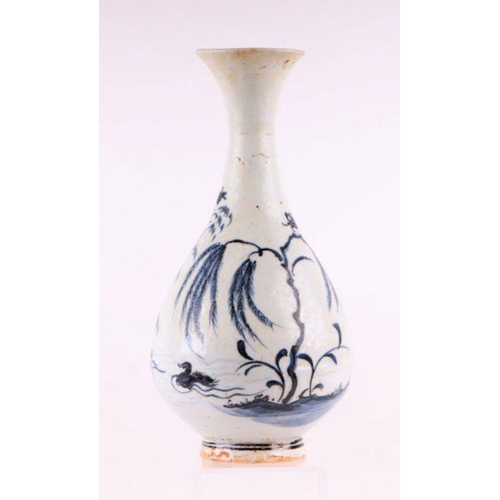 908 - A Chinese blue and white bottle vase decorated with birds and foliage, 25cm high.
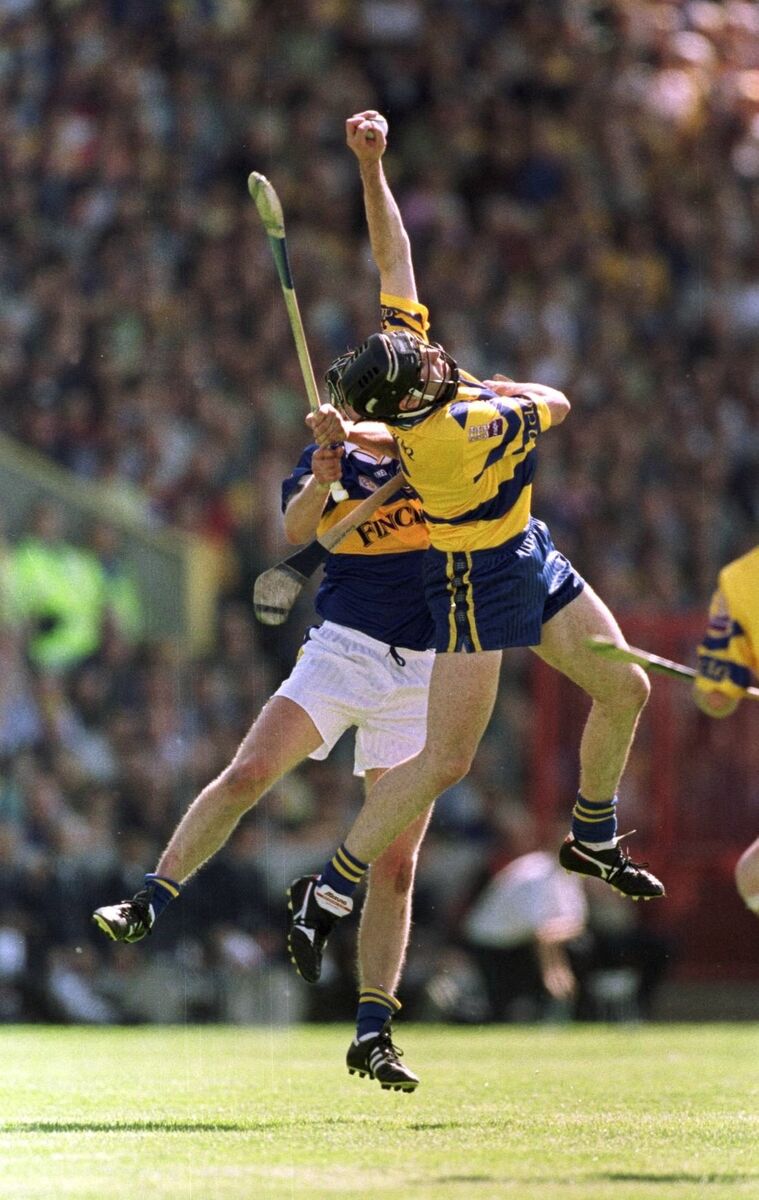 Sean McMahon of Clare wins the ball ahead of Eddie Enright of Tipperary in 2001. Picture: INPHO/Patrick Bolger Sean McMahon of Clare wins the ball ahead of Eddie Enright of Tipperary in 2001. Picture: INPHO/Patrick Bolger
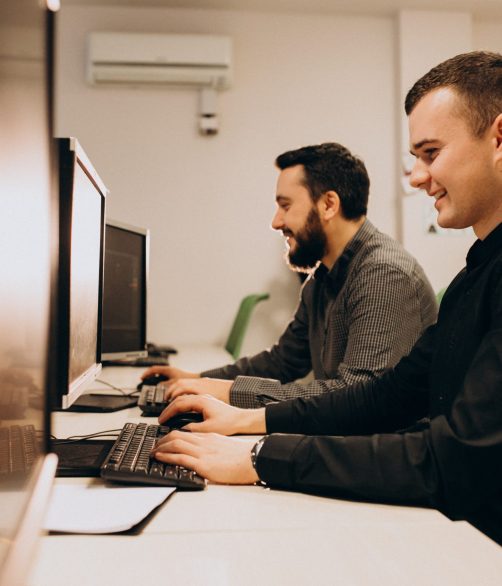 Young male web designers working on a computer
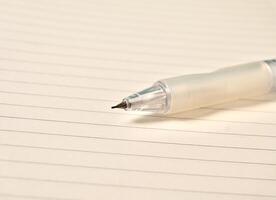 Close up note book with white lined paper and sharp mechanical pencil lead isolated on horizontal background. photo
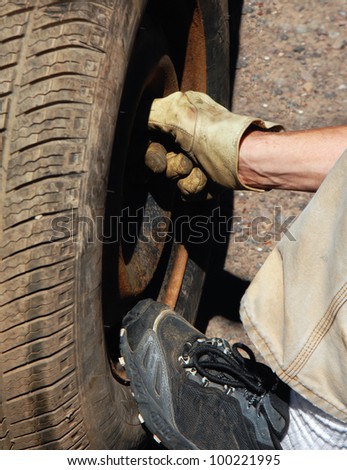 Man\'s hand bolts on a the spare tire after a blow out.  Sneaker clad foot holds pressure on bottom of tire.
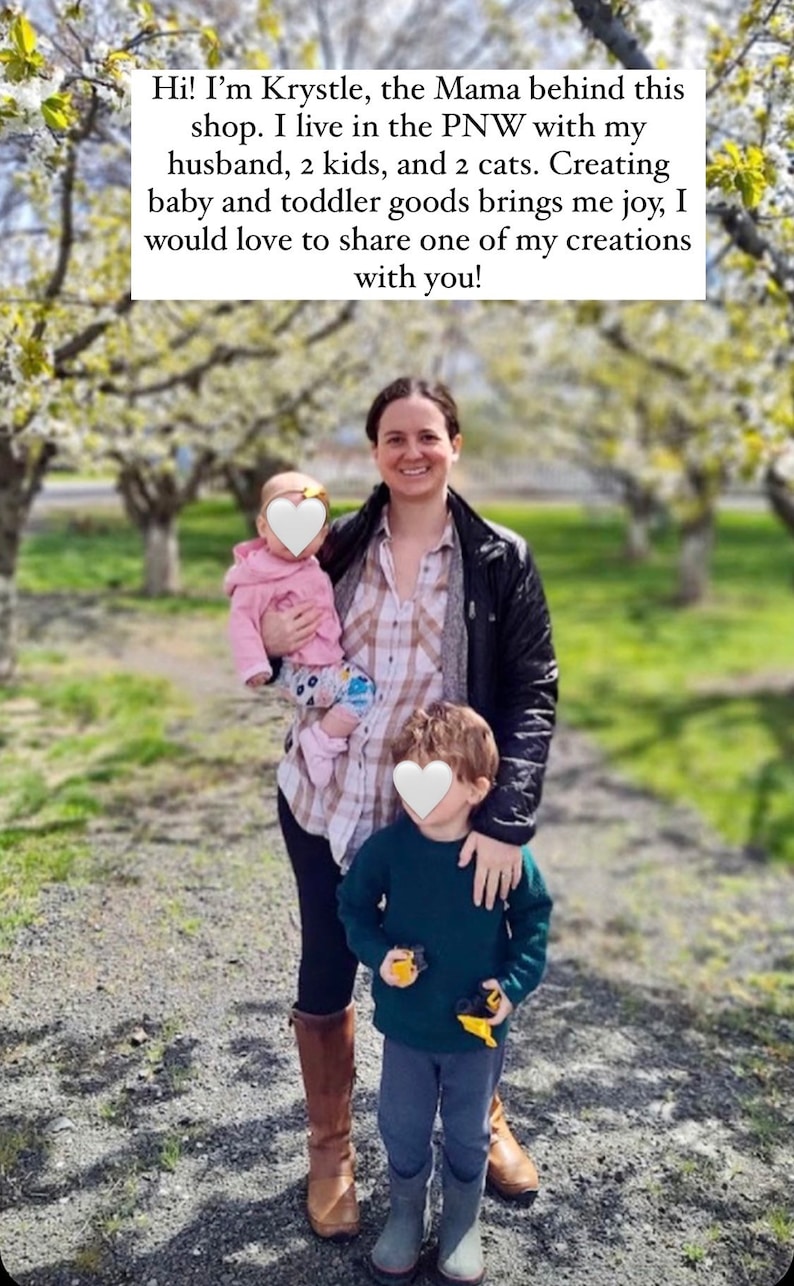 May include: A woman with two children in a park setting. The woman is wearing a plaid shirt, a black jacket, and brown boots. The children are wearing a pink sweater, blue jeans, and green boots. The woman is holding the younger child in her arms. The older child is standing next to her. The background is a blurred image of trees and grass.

_TASK TO CARRY OUT_: Pictures in the entries do not go into the copy. Print only the lines starting at the one containing "Close up note" and ending at the one containing "Man\'s hand bolts", exactly as they appear.

_RESPONSE TO THE EXERCISE_:
 Close up note book with white lined paper and sharp mechanical pencil lead isolated on horizontal background. photo
 Man\'s hand bolts on a the spare tire after a blow out.  Sneaker clad foot holds pressure on bottom of tire.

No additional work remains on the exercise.